If you’re a regular visitor to this website, as a wine-drinker you are pretty certainly in a tiny bubble in the froth of wine consumption. You’d know that syrah is the same as shiraz and that rosé isn’t a grape variety but petit verdot is; realise that sniffing a wine gives a lot of its inherent pleasure; could possibly conceive of not laughing at the idea of a group of people sitting around a table, sniffing a glassful of expensive wine, taking a sip and then spitting it out. You don’t mostly drink the sweet rosé that’s the best-selling wine in South Africa – and would probably be surprised to learn that the official definition of a high-priced wine in South Africa, as opposed to standard or medium, is R35 for 750ml (NB – not R350!). Etc.

Probably you also mostly (I don’t quite dare assume “only”) buy wine in glass bottles rather than plastic ones, or bag-in-box, or foil bags, or tetra-packs. But what I’m wondering is whether you might buy wine in aluminium cans. Because I can conceive of doing so myself.

Wine in cans has been a growing international trend for a good few years now, but it’s only since 2019 that they’ve been produced here, after the Wine and Spirits Board authorised them and laid down some technical rules.

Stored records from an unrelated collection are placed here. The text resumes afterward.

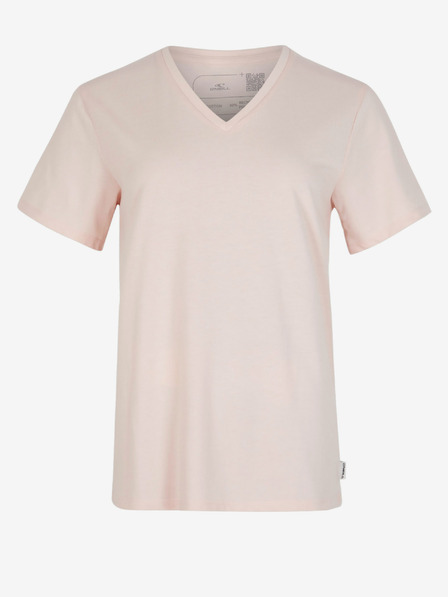 O'Neill Beigefarbenes Damen Basic V-Ausschnitt O'Neill ESSENTIALS V-NECK T-SHIRT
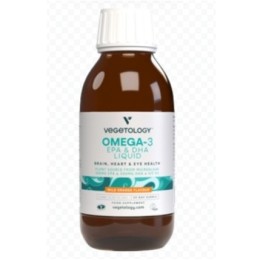 UN Monde Vegan vous propose : Omega 3 liquide : EPA DHA (chaine longue) goût orange 150ml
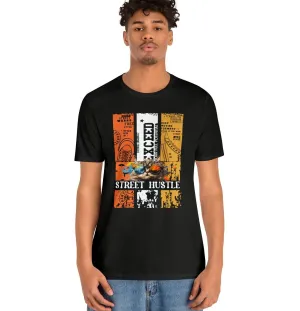 Street Hustle TShirt | Never Give Up | Graphic designs | Vintage tee Cute Beach Tee Designer T-shirt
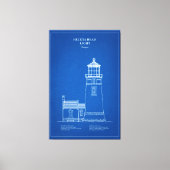 Heceta Head vuurtoren - Oregon - AD Canvas Afdruk (Voorkant)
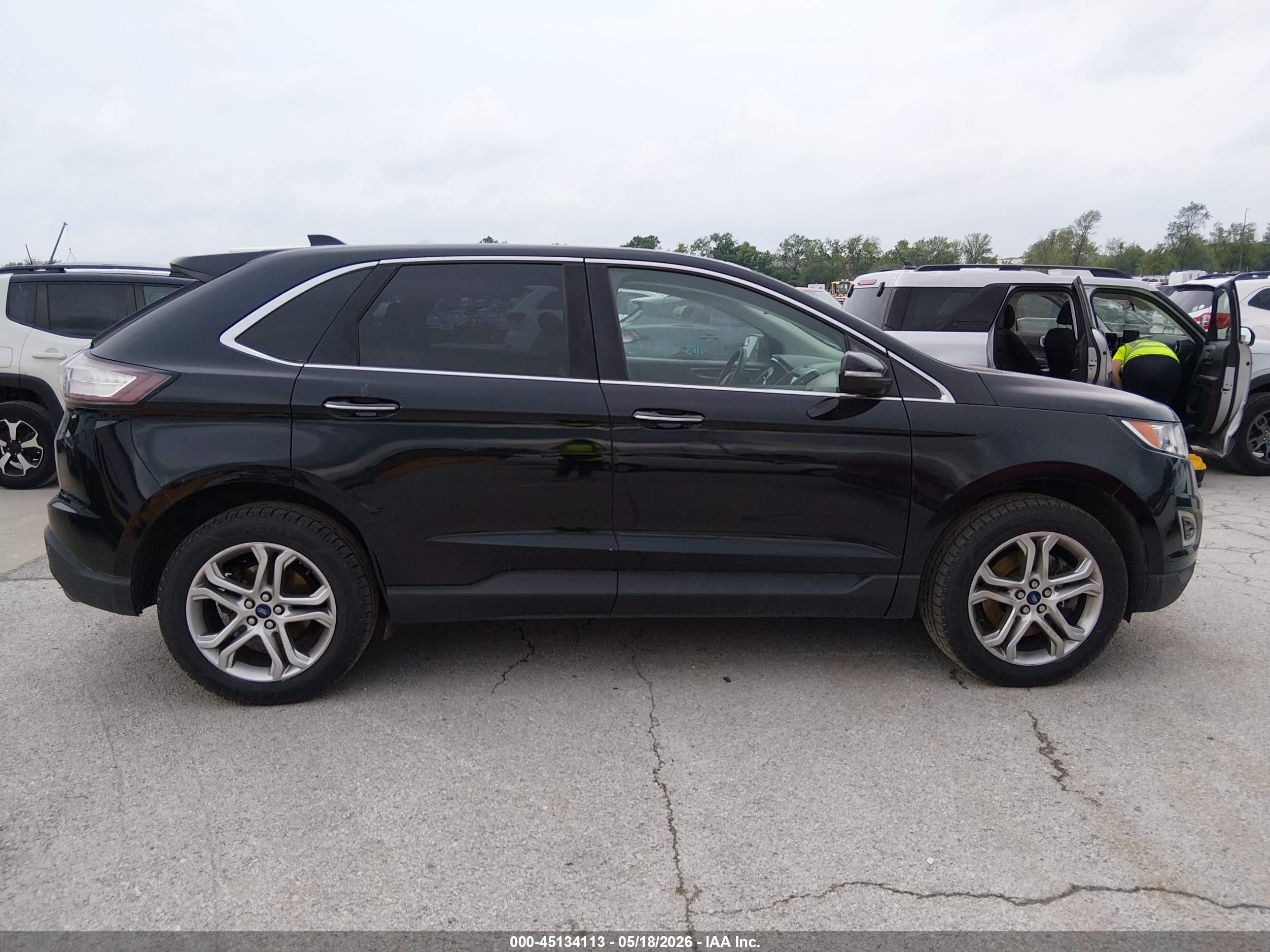 2016 Ford Edge Titanium Black vin: 2FMPK4K9XGBB99834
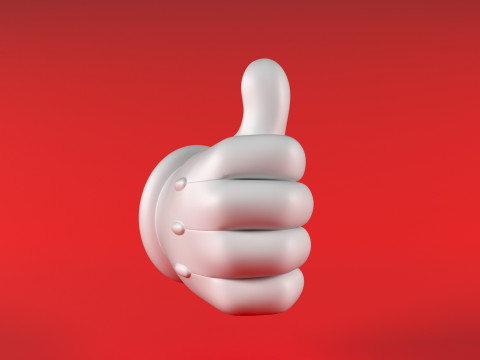 Mario Hand - Like 3D 프린트 모델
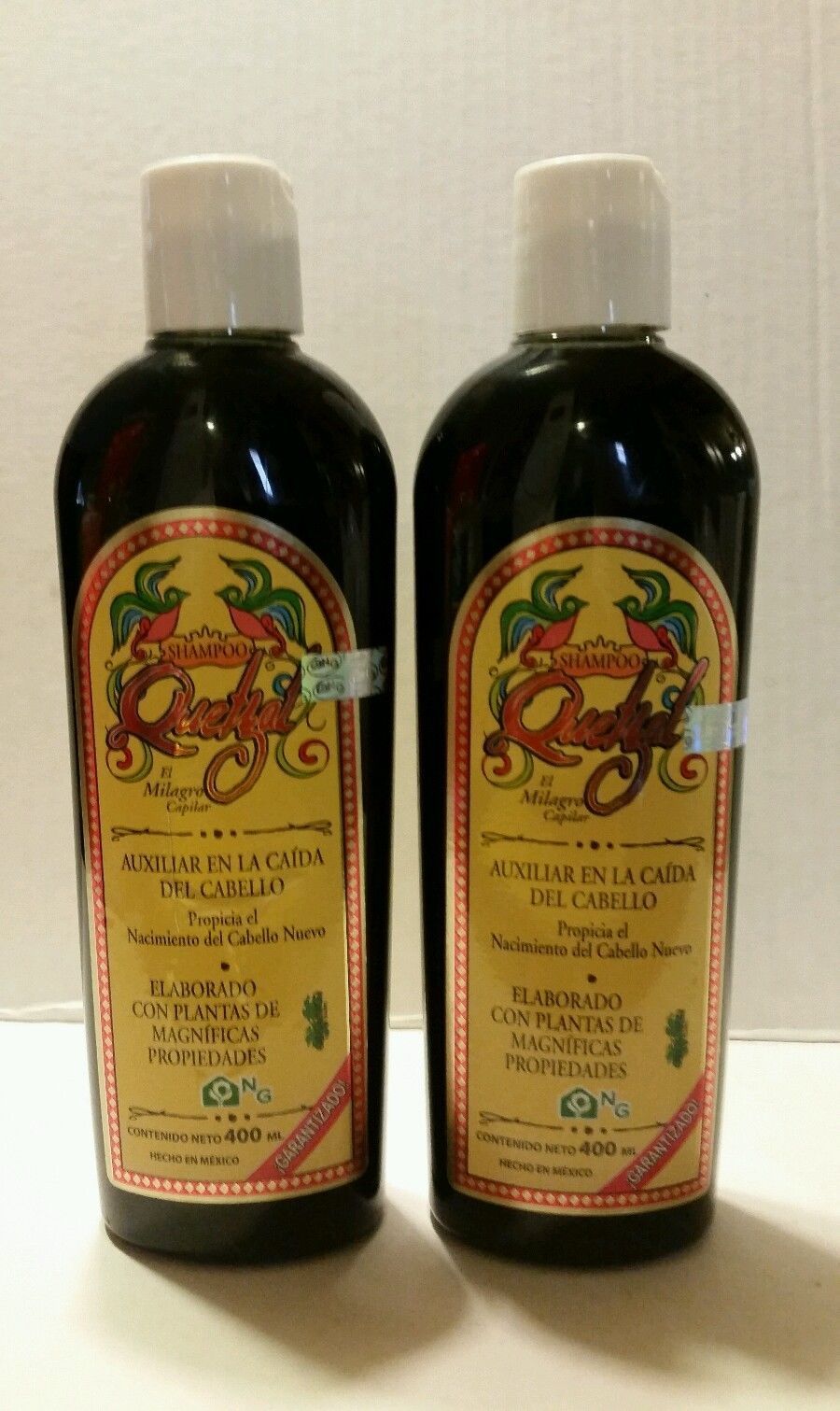 2X Shampoo Quetzal Helps in the regrowth of hair, Auxiliar en la caida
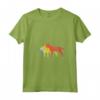 Donna Cane Mamma & Papà Silhouette - Vintage Belga Tervuren Maglietta con Collo a V - Abbigliamento per Cani Belga Tervuren Retro Vintage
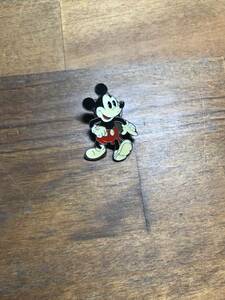 希少　美品 MickeyMouse ミッキーマウス 80年代 ピンバッジ ブートレグ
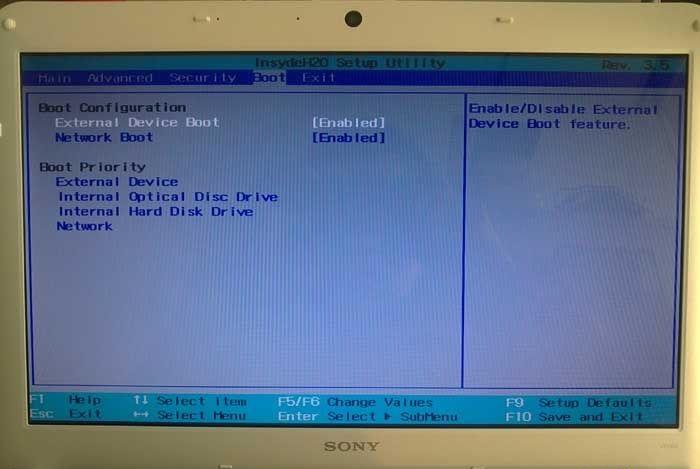 索尼电脑怎么进入bios设置u盘启动?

But the production – and presumably the market – has been growing apace. Jaap Pijl of Renegade Wines (whose Cancan range, made by Francois Haasbroek, was a pioneer) estimates that there are now 30+ brands. In its 2021 Statistics booklet, Sawis for the first time listed cans among the types of container it recorded. It states that, in 2020, 346 900 litres of wine were sold in cans. Which sounds a lot, but in the whole scale of things, not really – about a tenth of one percent of the total. Interestingly, that year (beset by lockdowns and bans), bag-in-box for the first time became the biggest category by volume sold, with 44.2% of the market, overtaking glass with 42.6. (Plastic had 10%, tetra packs 3%, and foil bags a bit less than cans.

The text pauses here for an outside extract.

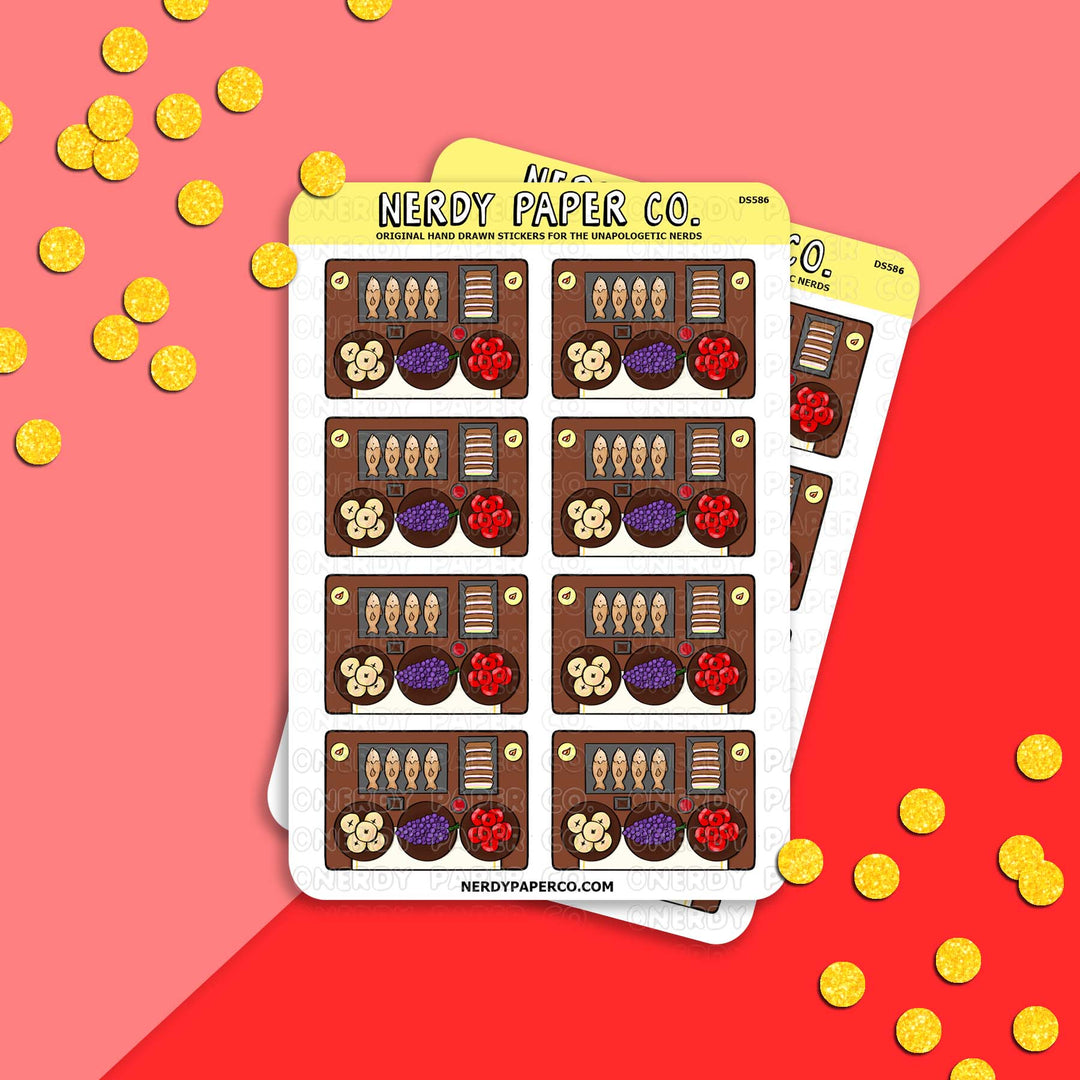 Korean Lunar New Year Charye Flatlays - Hand Drawn Functional Stickers -DS586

It’s clear that, while it was innovative small producers that started things going here, making use of a specialist mobile canner that also serves craft brewers, and more small specialists have followed, the big players have started moving in – Spier, Perdeberg, Robertson and the like. Some other well-known brands too (Cloof, Bruce Jack), and there are even a few dealcoholized wines and a few sparklers – with big JC le Roux getting involved with the latter category. The most surprising name I’ve come across (one more widely invoked among Winemag’s readership I suppose) is that of AA Badenhorst, the great Swartland revolutionary. Of course, Adi has never been one to sneer at lower market levels (the success of Secateurs threatened at one stage to topple his image, I think), and he has a brand, seemingly for export, called The Curator, which has now got a trio in cans. The Badenhorst style of slightly whacky design is happily present, though the Badenhorst name is kept pretty small – but it is emphatically there.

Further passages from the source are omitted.